Stored data entries
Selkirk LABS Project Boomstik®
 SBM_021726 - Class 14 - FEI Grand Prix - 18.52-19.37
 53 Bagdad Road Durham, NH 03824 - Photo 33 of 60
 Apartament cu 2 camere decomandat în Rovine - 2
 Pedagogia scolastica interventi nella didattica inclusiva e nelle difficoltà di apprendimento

#### PROBLEM DETAILS
Copy the data once more. Leave nothing out.

#### ANSWER BOX
Selkirk LABS Project Boomstik®
 SBM_021726 - Class 14 - FEI Grand Prix - 18.52-19.37
 53 Bagdad Road Durham, NH 03824 - Photo 33 of 60
 Apartament cu 2 camere decomandat în Rovine - 2
 Pedagogia scolastica interventi nella didattica inclusiva e nelle difficoltà di apprendimento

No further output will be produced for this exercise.